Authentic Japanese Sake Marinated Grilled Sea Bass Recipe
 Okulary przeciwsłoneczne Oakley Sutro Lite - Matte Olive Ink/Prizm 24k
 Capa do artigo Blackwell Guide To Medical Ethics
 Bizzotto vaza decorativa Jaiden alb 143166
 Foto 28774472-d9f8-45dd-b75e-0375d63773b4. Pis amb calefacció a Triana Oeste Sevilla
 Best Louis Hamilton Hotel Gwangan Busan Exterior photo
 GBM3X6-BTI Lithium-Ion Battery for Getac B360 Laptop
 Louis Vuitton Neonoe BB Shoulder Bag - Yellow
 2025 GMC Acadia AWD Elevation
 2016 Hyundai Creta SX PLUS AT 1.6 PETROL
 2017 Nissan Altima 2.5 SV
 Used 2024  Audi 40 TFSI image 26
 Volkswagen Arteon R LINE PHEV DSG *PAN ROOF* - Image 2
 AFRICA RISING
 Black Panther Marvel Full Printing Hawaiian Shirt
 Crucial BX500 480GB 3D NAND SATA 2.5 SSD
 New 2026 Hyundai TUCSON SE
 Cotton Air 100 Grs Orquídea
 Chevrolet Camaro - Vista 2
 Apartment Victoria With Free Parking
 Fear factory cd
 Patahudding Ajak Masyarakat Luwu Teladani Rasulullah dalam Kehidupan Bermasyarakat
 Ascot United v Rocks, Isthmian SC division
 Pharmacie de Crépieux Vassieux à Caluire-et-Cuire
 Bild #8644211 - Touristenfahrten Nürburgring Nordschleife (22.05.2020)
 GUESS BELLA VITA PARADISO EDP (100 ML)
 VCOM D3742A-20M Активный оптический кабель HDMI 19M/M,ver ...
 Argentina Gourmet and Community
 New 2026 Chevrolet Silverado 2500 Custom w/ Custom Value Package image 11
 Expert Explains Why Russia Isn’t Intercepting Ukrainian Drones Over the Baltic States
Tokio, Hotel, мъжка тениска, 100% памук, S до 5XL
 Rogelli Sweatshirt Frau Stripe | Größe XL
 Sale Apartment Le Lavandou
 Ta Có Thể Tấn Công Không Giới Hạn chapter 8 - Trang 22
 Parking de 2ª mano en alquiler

########################################

WHAT THE TASK REQUIRES -> In the records above, find each line that holds the word "Hyundai"; copy all such lines.

RESULT BELOW ->
 2016 Hyundai Creta SX PLUS AT 1.6 PETROL
 New 2026 Hyundai TUCSON SE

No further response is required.